- Hoff Township, Minnesota Location within the state of Minnesota Hoff Township, Minnesota Hoff Township, Minnesota (the United States)
- Coordinates: 45°27′33″N 95°41′29″W﻿ / ﻿45.45917°N 95.69139°W
- Country: United States
- State: Minnesota
- County: Pope

Area
- • Total: 36.0 sq mi (93.2 km^{2})
- • Land: 35.9 sq mi (93.1 km^{2})
- • Water: 0 sq mi (0.0 km^{2})
- Elevation: 1,070 ft (326 m)

Population (2000)
- • Total: 195
- • Density: 5.4/sq mi (2.1/km^{2})
- Time zone: UTC-6 (Central (CST))
- • Summer (DST): UTC-5 (CDT)
- FIPS code: 27-29456
- GNIS feature ID: 0664490

= Hoff Township, Pope County, Minnesota =

Hoff Township is a township in Pope County, Minnesota, United States. The population was 162 at the 2020 census.

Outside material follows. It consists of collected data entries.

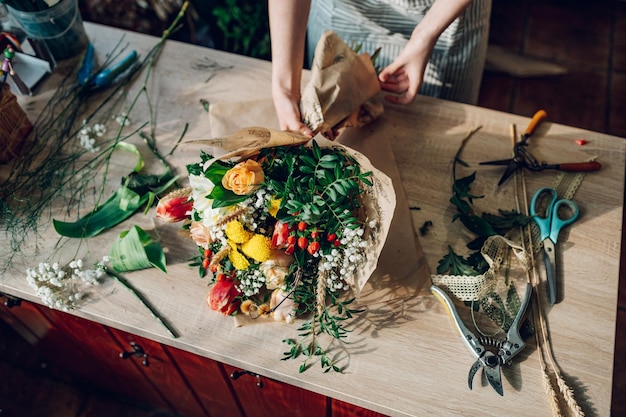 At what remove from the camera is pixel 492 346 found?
3.08 feet

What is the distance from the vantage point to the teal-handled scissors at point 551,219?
988 millimetres

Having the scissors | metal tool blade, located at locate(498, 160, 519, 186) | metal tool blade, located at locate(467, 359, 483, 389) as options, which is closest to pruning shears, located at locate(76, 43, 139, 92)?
the scissors

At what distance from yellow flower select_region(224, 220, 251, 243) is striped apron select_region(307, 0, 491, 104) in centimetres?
64

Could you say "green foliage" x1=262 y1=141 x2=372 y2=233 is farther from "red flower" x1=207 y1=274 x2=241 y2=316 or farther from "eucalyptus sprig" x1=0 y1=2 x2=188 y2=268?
"eucalyptus sprig" x1=0 y1=2 x2=188 y2=268

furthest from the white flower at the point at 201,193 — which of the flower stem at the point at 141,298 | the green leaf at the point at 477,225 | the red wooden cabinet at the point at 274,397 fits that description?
the green leaf at the point at 477,225

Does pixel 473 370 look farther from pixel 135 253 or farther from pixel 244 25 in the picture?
pixel 244 25

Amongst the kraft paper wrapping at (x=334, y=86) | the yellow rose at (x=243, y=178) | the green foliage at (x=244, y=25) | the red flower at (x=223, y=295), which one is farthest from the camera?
the green foliage at (x=244, y=25)

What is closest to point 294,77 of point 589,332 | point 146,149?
point 146,149

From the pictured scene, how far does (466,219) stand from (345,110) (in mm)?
312

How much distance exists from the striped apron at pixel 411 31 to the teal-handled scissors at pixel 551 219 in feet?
1.36

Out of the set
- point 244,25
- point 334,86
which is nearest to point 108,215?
point 334,86

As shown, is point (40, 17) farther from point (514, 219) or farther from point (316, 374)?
point (514, 219)

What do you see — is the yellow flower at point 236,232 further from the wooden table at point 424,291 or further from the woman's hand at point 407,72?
the woman's hand at point 407,72

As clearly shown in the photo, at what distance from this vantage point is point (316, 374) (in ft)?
3.06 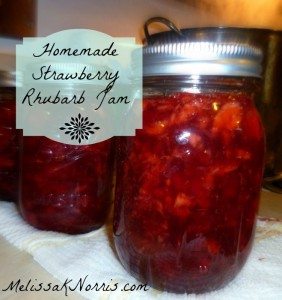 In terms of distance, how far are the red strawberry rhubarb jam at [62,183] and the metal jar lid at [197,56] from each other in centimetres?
18

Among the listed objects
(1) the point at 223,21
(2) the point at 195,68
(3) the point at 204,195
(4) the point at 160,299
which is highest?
(1) the point at 223,21

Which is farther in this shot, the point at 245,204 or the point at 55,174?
the point at 55,174

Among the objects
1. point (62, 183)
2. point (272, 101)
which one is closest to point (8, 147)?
point (62, 183)

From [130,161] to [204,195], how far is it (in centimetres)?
8

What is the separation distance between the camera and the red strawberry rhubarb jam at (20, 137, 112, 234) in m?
0.44

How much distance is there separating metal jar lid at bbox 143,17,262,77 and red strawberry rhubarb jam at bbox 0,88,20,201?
29 centimetres

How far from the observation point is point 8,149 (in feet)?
1.80

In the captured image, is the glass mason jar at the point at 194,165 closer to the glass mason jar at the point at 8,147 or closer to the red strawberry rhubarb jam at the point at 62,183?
the red strawberry rhubarb jam at the point at 62,183

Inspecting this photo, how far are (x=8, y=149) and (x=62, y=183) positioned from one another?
0.52 ft

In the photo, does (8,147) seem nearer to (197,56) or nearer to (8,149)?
(8,149)

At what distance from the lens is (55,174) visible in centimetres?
44

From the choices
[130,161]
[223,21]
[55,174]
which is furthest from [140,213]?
[223,21]

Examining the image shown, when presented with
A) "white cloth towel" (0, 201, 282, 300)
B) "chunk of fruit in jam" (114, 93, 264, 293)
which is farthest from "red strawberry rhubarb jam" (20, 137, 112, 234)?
"chunk of fruit in jam" (114, 93, 264, 293)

Hoff Township was named after Hof Municipality in the old Hedmark county in Norway.

==Geography==
According to the United States Census Bureau, the township has a total area of 36.0 sqmi, of which 36.0 sqmi is land and 0.03% is water.

==Demographics==
As of the census of 2000, there were 195 people, 61 households, and 53 families residing in the township. The population density was 5.4 PD/sqmi. There were 65 housing units at an average density of 1.8 /sqmi. The racial makeup of the township was 92.82% White, 4.10% African American, 1.54% from other races, and 1.54% from two or more races. Hispanic or Latino of any race were 2.56% of the population.

There were 61 households, out of which 42.6% had children under the age of 18 living with them, 75.4% were married couples living together, 6.6% had a female householder with no husband present, and 13.1% were non-families. 9.8% of all households were made up of individuals, and 3.3% had someone living alone who was 65 years of age or older. The average household size was 3.20 and the average family size was 3.42.

In the township the population was spread out, with 34.4% under the age of 18, 8.7% from 18 to 24, 21.5% from 25 to 44, 23.6% from 45 to 64, and 11.8% who were 65 years of age or older. The median age was 38 years. For every 100 females, there were 114.3 males. For every 100 females age 18 and over, there were 106.5 males.

The median income for a household in the township was $41,667, and the median income for a family was $42,292. Males had a median income of $31,607 versus $15,000 for females. The per capita income for the township was $15,496. About 5.9% of families and 7.7% of the population were below the poverty line, including 15.3% of those under the age of eighteen and 8.7% of those 65 or over.